The defense team wasn’t the only group that wanted to make sure Guyger got a “fair” trial. Local media in Dallas has produced a host of news articles and editorials about the same thing as opposed to the dearth of coverage centered on whether justice will be served for Jean.

Convicting an officer of murder is extremely rare, especially when it comes to the victim being Black. The NYPD officer who used an illegal chokehold to kill Eric Garner was fired Monday as his only true discipline for taking the life of an unarmed Black man. That delayed termination came more than five years after the killing took place in broad daylight. “Since 2005, only 33 law enforcement officers have been convicted of a crime resulting from an on-duty shooting where someone was killed,” NBC News reported. A white police officer in Texas who killed an unarmed Black 15-year-old child after shooting into a car carrying a group of teenagers was found guilty last year, making him only the second police officer in nearly 15 years to be convicted of murder. And still, that cop — Roy Oliver — got a light sentence that will allow the possibility of parole after serving just seven and a half years.

On the night of Sept. 6, Guyger claimed that following a long day on the job as a Dallas police officer, she somehow mistook his apartment for her own and, after ordering Jean not to move, shot him twice before realizing the error of her ways. Her story was met with doubt because of a number of factors, including and especially her assertion that Jean’s door was ajar. Videos posted on social media by neighbors appeared to show that apartment doors in the building shut automatically after being released, an indication that Guyger might have lied about that.

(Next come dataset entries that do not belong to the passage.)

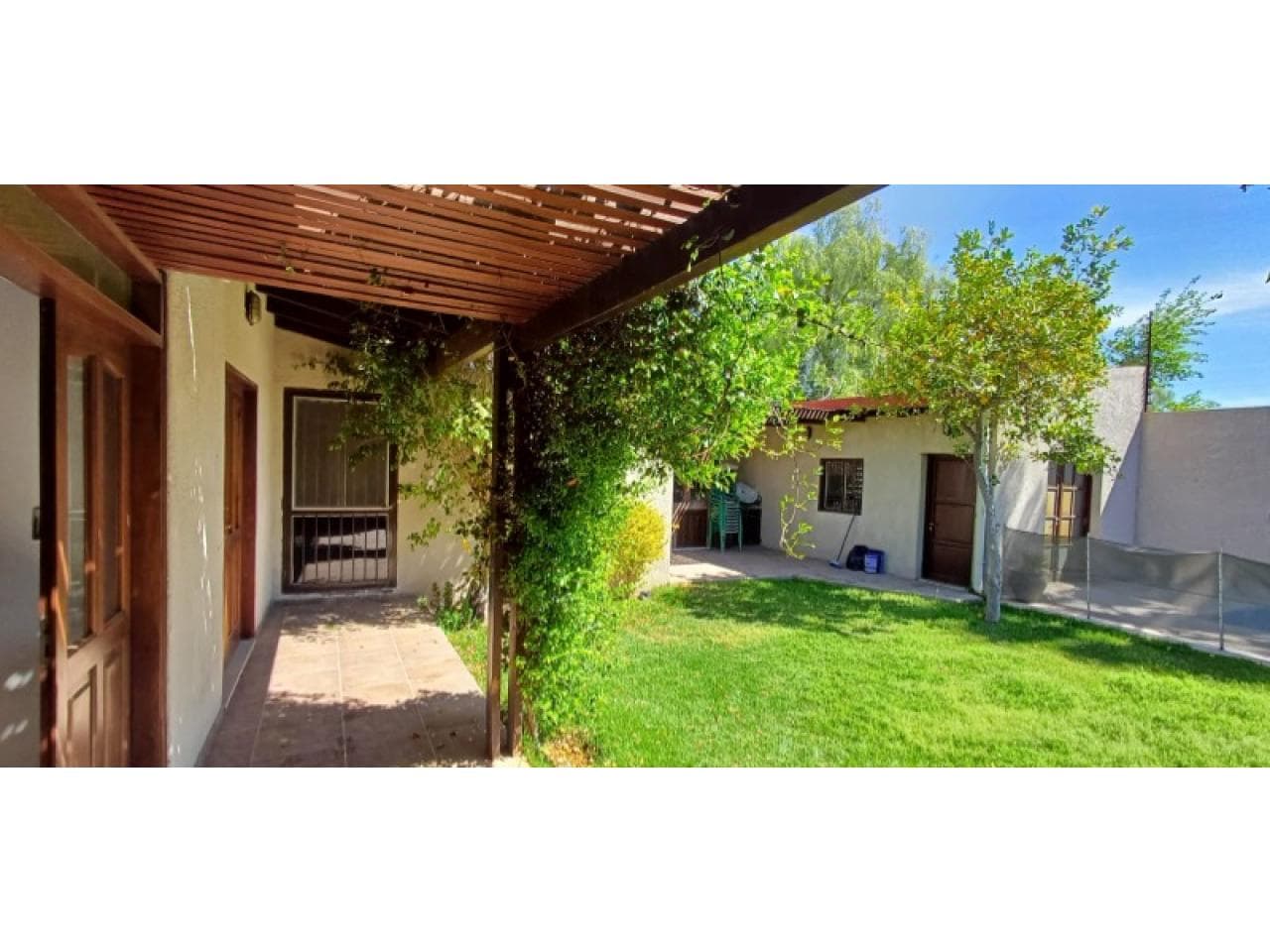 Venta Casa Capital B° El Ceibo Inmejorable Ubicación. Capital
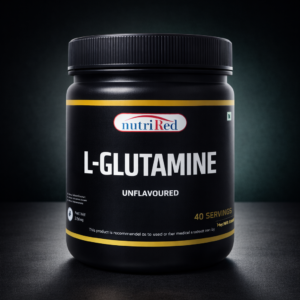 L-Glutamine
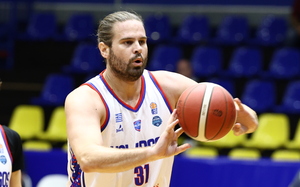 «Μπαμ» με Μπόγρη το Παλαιό Φάληρο!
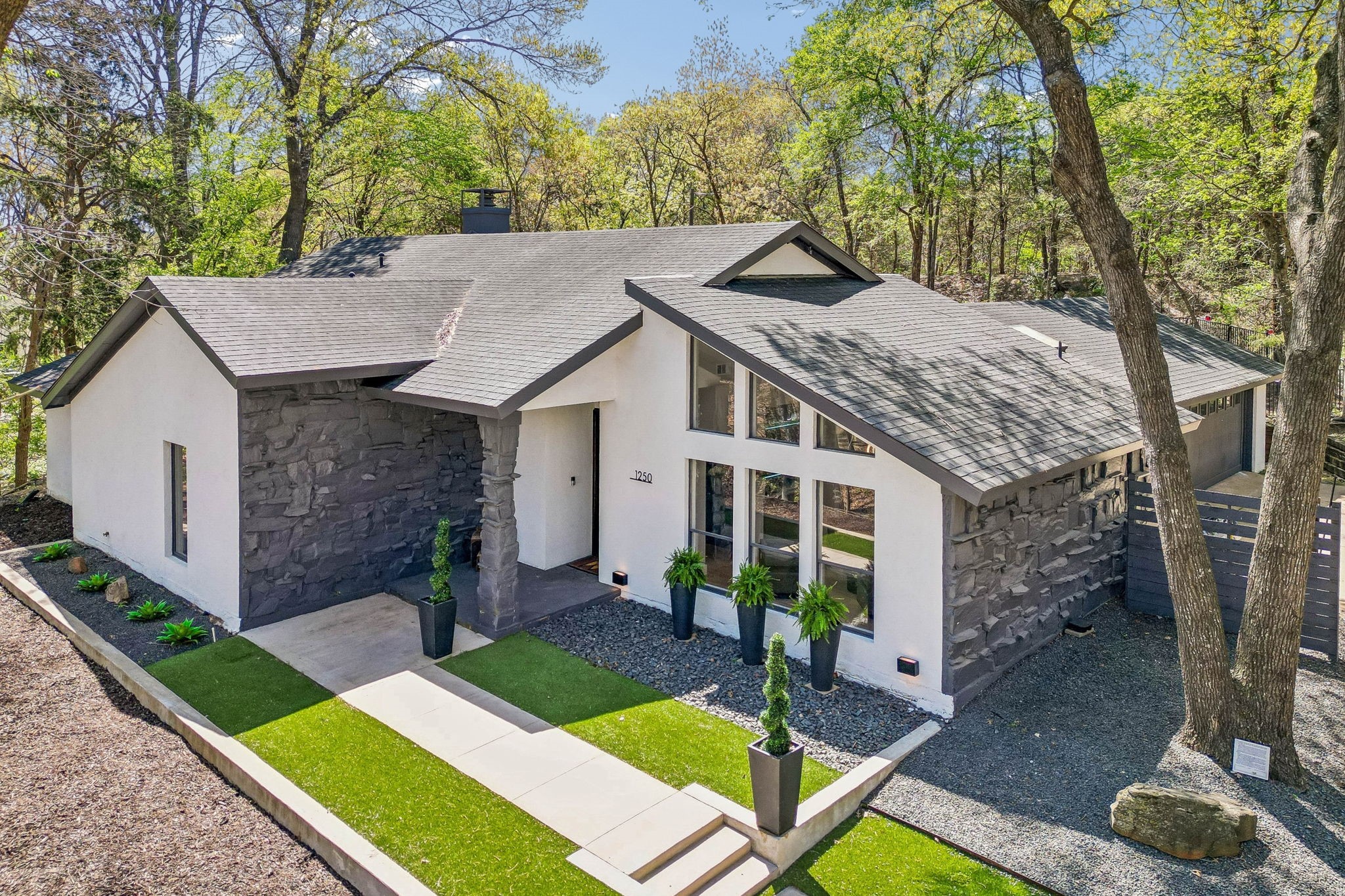 1250 Alto Vista Street Fairview TX 75069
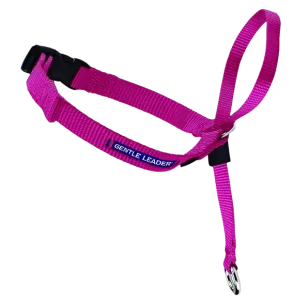PetSafe Premier Gentle Leader Quick Release Dog Headcollar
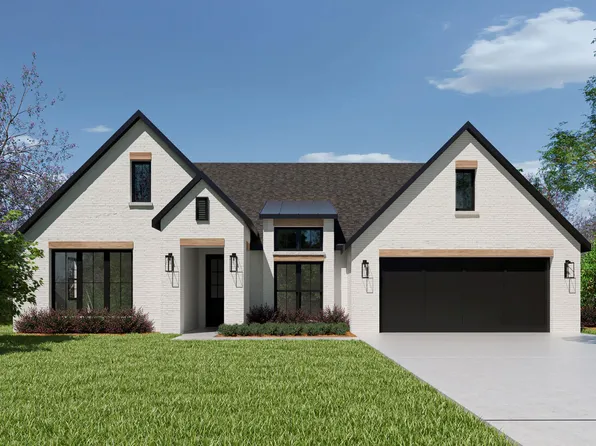 Truitt - Talon Hills Plan, Talon Hills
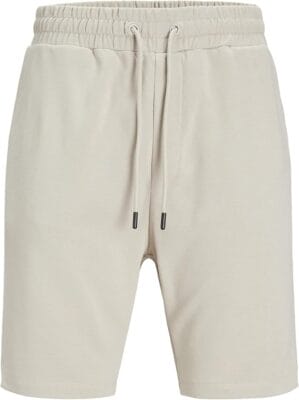 JACK & JONES Bermuda Sweat Shorts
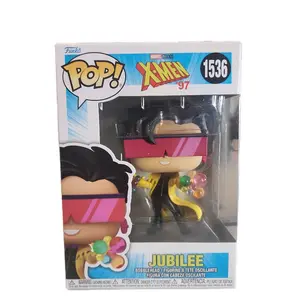 Funko Pop Marvel Jubilee #1536 X-Men '97
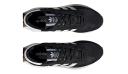 Adidas Retropy E5 Shoes Black / White / Gum M2 M 8.5 / W 9.5 - Men Lifestyle Trainers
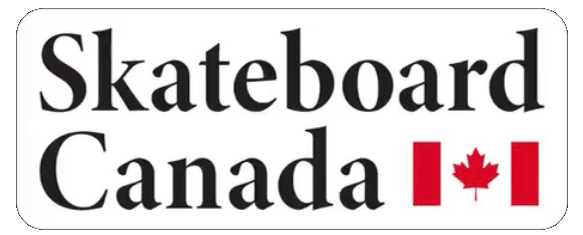 Skateboard Canada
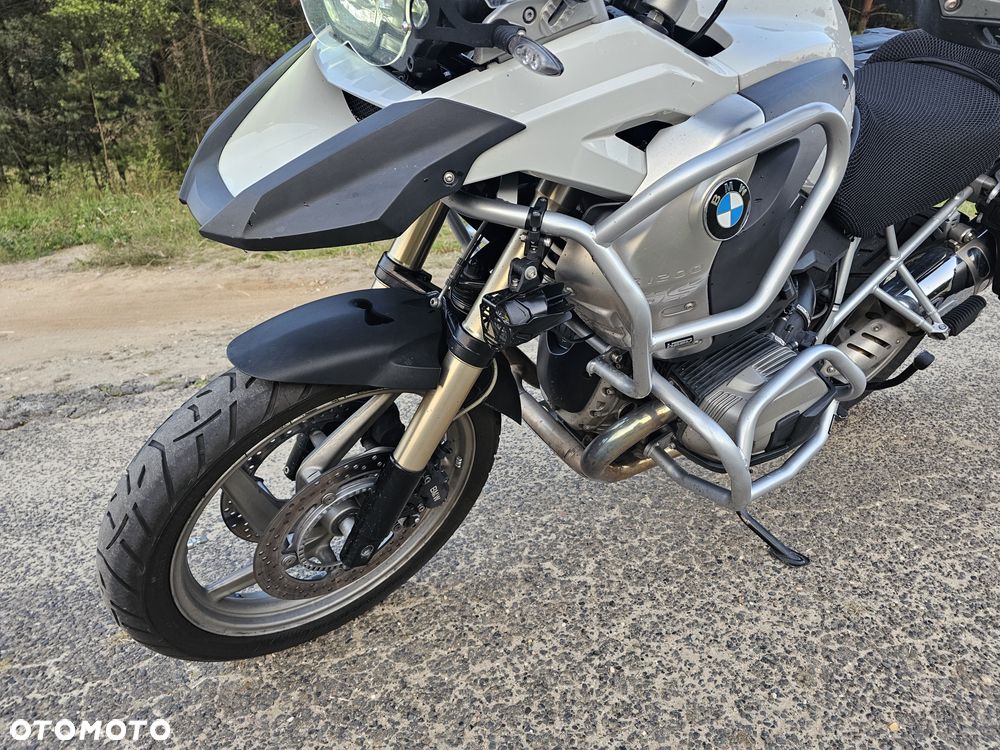 BMW GS - 11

In addition to inconsistencies in her alibis, which have changed several times, Dallas police, of which Guyger was a member for five years before being fired, appeared to be helping to cover up the shooting for their colleague. The department was accused of allowing Guyger enough time to scrub her social media accounts and get her story straight before turning herself in three days after killing Jean. It also gave Guyger enough time to move out of her apartment, which was never searched by police despite five warrants allowing them to do so.